Juan Pablo II, en uno de sus viajes a Estados Unidos, en 1995, ya predijo lo que iba a ocurrir con la mariachi de derechos, inacabables, que constituye todo el discurso progre del siglo XXI. Fue durante su homilía de Baltimore, el 8 de octubre de 1995, donde, entre otras cosas, pronunció las siguientes palabras: "La libertad no consiste en hacer lo que nos place, sino en el derecho a hacer lo que debemos”.
Dicho de otra forma: el hombre moderno necesita una buena dosis de humildad. Es un ser creado, al que nadie le ha pedido permiso para venir a la vida, que no puede dar razón de su existencia. Por tanto, no puede alegar derecho alguno. Hasta sus méritos le vienen dados. La teología cristiana hace mucho hincapié en los méritos que Cristo nos ganó en la cruz y en que, gracias a esa redención, venimos a ser hijos de Dios. Es decir, que hasta nuestros méritos nos vienen dados.

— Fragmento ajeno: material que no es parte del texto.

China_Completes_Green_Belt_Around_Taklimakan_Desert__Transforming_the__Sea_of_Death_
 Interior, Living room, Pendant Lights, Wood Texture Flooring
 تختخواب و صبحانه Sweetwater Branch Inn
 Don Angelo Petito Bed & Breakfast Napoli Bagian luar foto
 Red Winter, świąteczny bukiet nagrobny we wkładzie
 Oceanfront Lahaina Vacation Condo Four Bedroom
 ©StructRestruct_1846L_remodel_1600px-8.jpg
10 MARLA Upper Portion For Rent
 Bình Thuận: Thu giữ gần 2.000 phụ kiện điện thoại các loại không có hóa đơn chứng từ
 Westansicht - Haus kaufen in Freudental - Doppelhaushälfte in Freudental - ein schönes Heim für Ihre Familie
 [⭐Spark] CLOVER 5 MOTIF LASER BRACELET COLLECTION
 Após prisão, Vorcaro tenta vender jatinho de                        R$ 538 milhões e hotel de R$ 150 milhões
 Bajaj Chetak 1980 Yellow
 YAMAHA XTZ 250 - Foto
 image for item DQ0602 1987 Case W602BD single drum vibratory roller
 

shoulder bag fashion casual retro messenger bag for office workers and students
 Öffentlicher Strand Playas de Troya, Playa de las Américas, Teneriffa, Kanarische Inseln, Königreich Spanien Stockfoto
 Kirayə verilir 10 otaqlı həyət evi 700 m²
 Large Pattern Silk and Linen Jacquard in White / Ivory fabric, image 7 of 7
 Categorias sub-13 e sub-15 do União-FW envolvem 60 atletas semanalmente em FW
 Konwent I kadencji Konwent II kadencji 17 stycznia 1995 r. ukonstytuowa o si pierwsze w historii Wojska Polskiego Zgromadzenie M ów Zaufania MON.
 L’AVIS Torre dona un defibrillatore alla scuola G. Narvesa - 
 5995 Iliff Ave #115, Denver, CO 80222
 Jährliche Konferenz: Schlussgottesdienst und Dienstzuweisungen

La mayoría de los derechos invocados últimamente no son sino caprichos o deseos personales
El hombre no es un ser autónomo porque no puede dar razón de su existencia. Por tanto, no nos vendría mal un poquito más de humildad. De hecho, el progresismo ha terminado en una continúa reclamación de derechos. Encima, la mayoría de los derechos invocados últimamente no son sino caprichos o deseos personales. O como recordaba Chesterton: para corromper a un individuo basta con enseñarle a llamar ‘derechos’ a sus anhelos personales y ‘abusos’ a los derechos de los demás.
Un poquito más de humildad, casi de modestia. Nos vendrá bien.
En los seres creados no existen derechos naturales sino deberes. El papel de los poderes públicos consiste en no impedirnos el cumplimiento de esos deberes. Y a esa libertad le llamamos derechos.